Top of Dataset

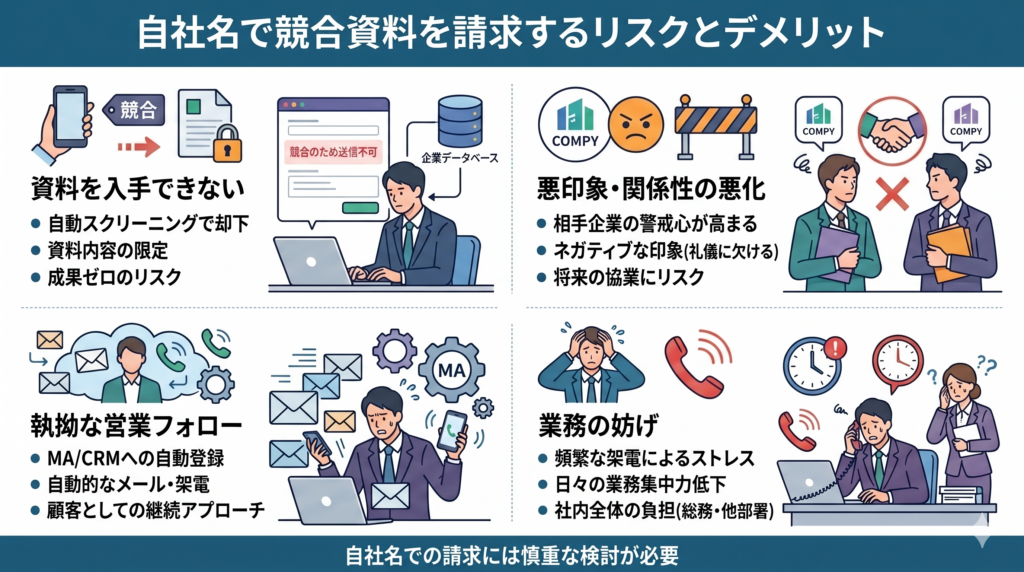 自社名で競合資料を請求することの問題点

Bottom of Dataset
Top of Dataset

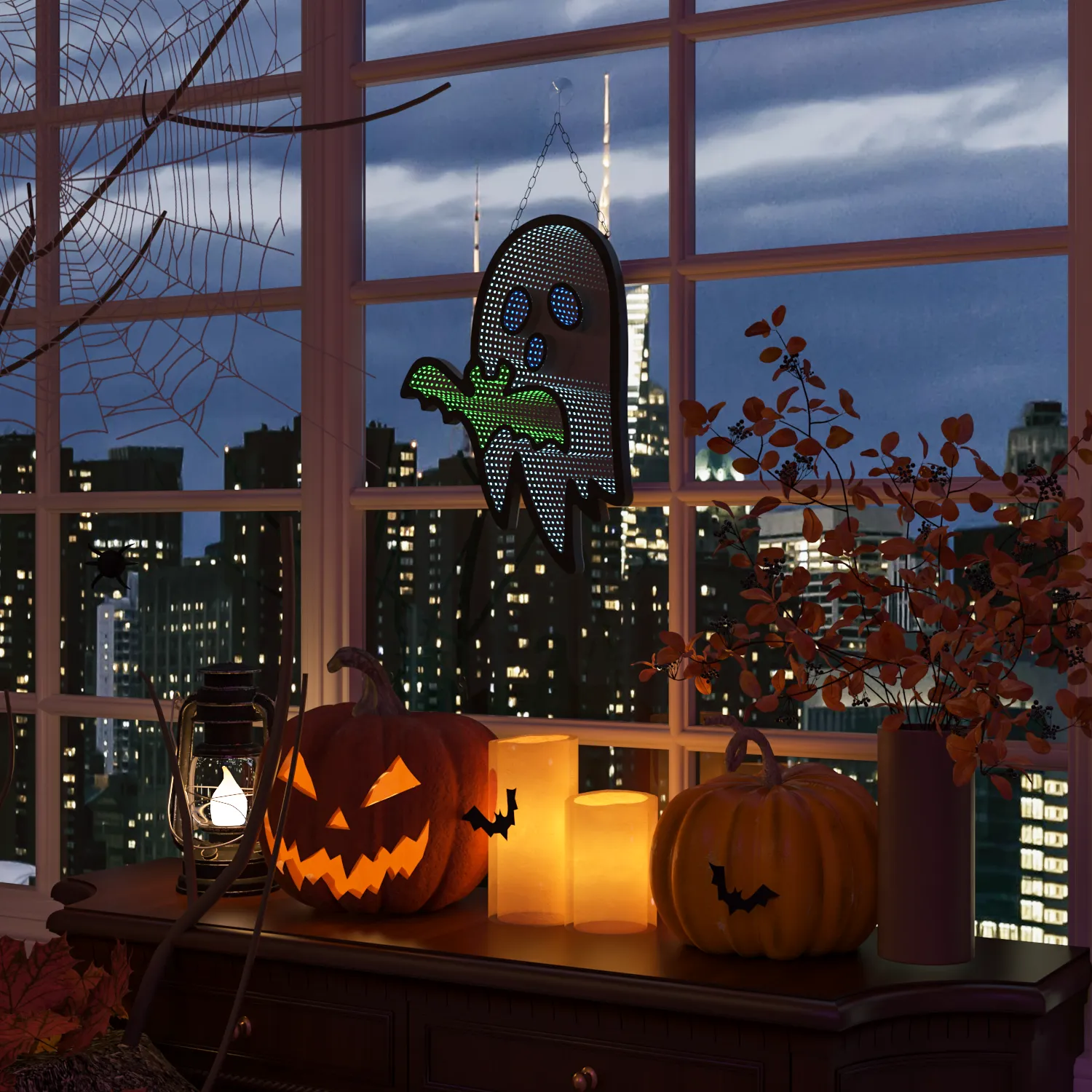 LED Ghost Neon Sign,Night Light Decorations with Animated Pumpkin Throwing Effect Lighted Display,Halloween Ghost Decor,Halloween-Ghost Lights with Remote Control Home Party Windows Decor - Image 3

Bottom of Dataset
Top of Dataset

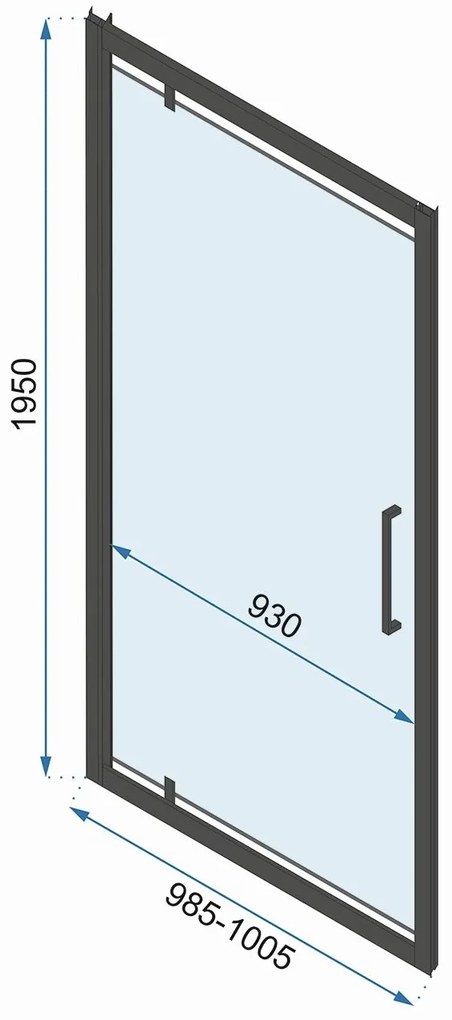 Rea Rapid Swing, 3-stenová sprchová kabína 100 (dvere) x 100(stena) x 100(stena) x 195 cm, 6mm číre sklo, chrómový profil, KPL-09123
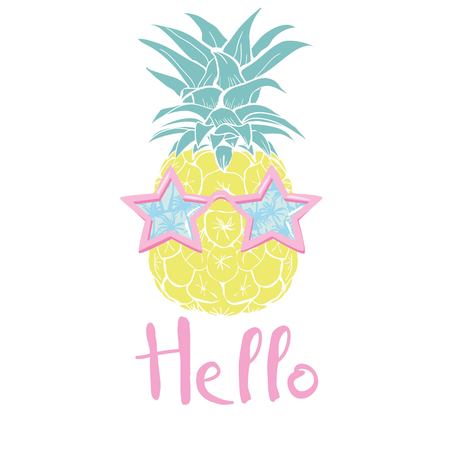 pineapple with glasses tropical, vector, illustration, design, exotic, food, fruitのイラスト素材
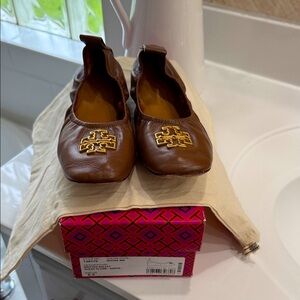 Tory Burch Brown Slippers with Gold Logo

Bottom of Dataset

-- Prompt --
Nothing but the lines above from the one that has "Rea Rapid Swing, 3-stenová" down to the one that has "Tory Burch Brown Slippers with Gold Logo" belongs in the answer, copied exactly, without pictures.

-- Response box --
 Rea Rapid Swing, 3-stenová sprchová kabína 100 (dvere) x 100(stena) x 100(stena) x 195 cm, 6mm číre sklo, chrómový profil, KPL-09123
 pineapple with glasses tropical, vector, illustration, design, exotic, food, fruitのイラスト素材
 Tory Burch Brown Slippers with Gold Logo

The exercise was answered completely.